All domestic meters used for billing purposes by a licensed electricity supplier must be certified to show that, when tested following manufacture/refurbishment, they conformed to the original pattern approval and operated within the prescribed levels of accuracy. They may then be used for a specified period of time after which they must be removed from circuit.

This process is described in detail in The Meters (Certification) Regulations 1998, SI 1566 (as amended). This prescribes that all meters, following approval, be allocated a certification life (i.e. the time a meter is allowed to remain on circuit from initial certification). Meters for industrial and commercial customers are either certified or the supplier reaches agreement with the customer for a meter with a similar level of accuracy to be fitted. Certification life is allocated by NMO/Ofgem and is restricted to 10 years for newly approved induction meters and for periods of between 10 and 20 years for static meters. Certification periods greater than 10 years (for electronic meters) are subject to the submission and validation of a component reliability model based on the Siemens Norm SN29500. Subsequent in-service surveillance monitoring can result in either increase or decrease of this period.
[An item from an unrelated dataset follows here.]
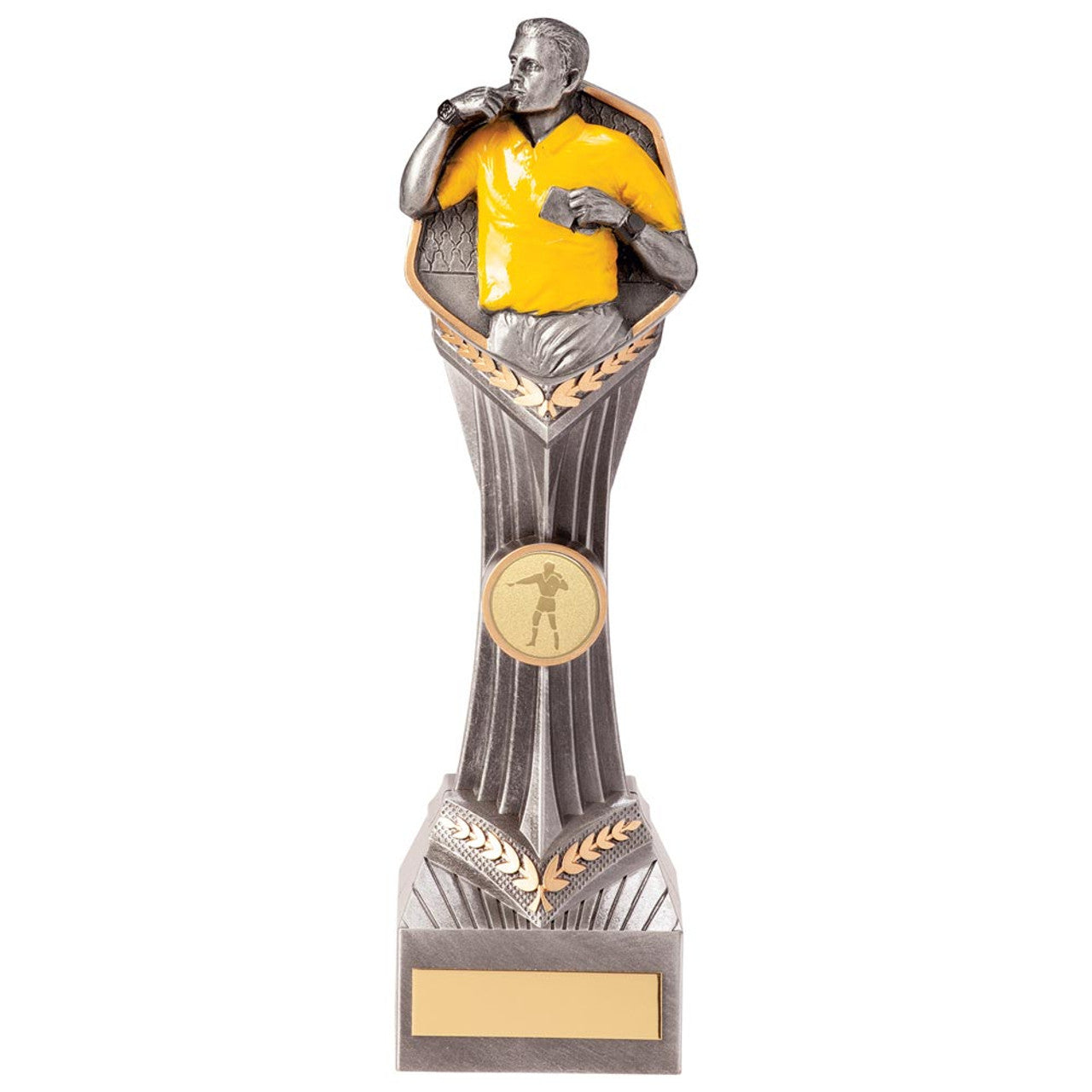 Referee Falcon Trophy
Prior to submission for certification meters will have a uniquely marked seal attached. In the UK meters can only be certified by a meter examiner appointed under the regulations.

Meters need not be certified where the supplier does not hold a supply license. This provides for situations where the supplier might be a landlord selling on electricity to tenants, or a caravan park owner billing individual berth occupiers. However an agreement must be in place between the two parties and the meter owner is obliged to use an approved meter and keep the meter in good working order.

Sealing

All certified meters are sealed. A seal is used to provide security for the measuring elements of a meter from tamper, identify the manufacturer/repairer of the meter, the year of certification and the fact that the meter is certified. The seal can take the form of a crimped security seal on traditional meters or an indelible inscription on the meter case for sealed for life static meters.